* WORK REQUIRED *
Look through the records below for the line holding "Телефон iPhone 12". Write it out exactly, with each following line through the line holding "Oma lustige Kaffee".

Stored data
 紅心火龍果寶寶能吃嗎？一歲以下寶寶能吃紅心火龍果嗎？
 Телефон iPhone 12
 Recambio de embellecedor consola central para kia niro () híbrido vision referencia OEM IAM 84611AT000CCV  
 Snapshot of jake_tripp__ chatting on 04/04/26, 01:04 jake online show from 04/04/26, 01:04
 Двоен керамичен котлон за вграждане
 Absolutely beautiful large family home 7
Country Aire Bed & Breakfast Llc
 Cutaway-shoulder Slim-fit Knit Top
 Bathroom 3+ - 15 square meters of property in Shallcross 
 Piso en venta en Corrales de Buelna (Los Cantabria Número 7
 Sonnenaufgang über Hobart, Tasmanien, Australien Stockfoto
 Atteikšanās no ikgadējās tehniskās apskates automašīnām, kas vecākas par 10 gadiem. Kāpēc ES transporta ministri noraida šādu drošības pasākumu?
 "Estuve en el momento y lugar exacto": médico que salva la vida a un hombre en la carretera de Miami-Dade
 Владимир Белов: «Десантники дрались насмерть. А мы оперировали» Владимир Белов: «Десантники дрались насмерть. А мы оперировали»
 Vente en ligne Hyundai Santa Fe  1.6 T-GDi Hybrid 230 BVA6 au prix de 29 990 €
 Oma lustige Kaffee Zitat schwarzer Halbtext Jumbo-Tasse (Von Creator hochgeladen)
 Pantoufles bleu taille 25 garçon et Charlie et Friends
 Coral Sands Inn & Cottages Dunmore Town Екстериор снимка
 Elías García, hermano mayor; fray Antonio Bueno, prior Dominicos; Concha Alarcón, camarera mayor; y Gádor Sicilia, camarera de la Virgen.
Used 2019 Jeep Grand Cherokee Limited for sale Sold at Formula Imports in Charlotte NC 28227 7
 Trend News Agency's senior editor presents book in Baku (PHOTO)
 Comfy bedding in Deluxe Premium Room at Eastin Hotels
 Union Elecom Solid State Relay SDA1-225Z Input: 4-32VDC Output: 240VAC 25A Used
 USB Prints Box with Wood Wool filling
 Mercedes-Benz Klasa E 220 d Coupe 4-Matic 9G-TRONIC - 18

* EXERCISE RESPONSE *
 Телефон iPhone 12
 Recambio de embellecedor consola central para kia niro () híbrido vision referencia OEM IAM 84611AT000CCV  
 Snapshot of jake_tripp__ chatting on 04/04/26, 01:04 jake online show from 04/04/26, 01:04
 Двоен керамичен котлон за вграждане
 Absolutely beautiful large family home 7
Country Aire Bed & Breakfast Llc
 Cutaway-shoulder Slim-fit Knit Top
 Bathroom 3+ - 15 square meters of property in Shallcross 
 Piso en venta en Corrales de Buelna (Los Cantabria Número 7
 Sonnenaufgang über Hobart, Tasmanien, Australien Stockfoto
 Atteikšanās no ikgadējās tehniskās apskates automašīnām, kas vecākas par 10 gadiem. Kāpēc ES transporta ministri noraida šādu drošības pasākumu?
 "Estuve en el momento y lugar exacto": médico que salva la vida a un hombre en la carretera de Miami-Dade
 Владимир Белов: «Десантники дрались насмерть. А мы оперировали» Владимир Белов: «Десантники дрались насмерть. А мы оперировали»
 Vente en ligne Hyundai Santa Fe  1.6 T-GDi Hybrid 230 BVA6 au prix de 29 990 €
 Oma lustige Kaffee Zitat schwarzer Halbtext Jumbo-Tasse (Von Creator hochgeladen)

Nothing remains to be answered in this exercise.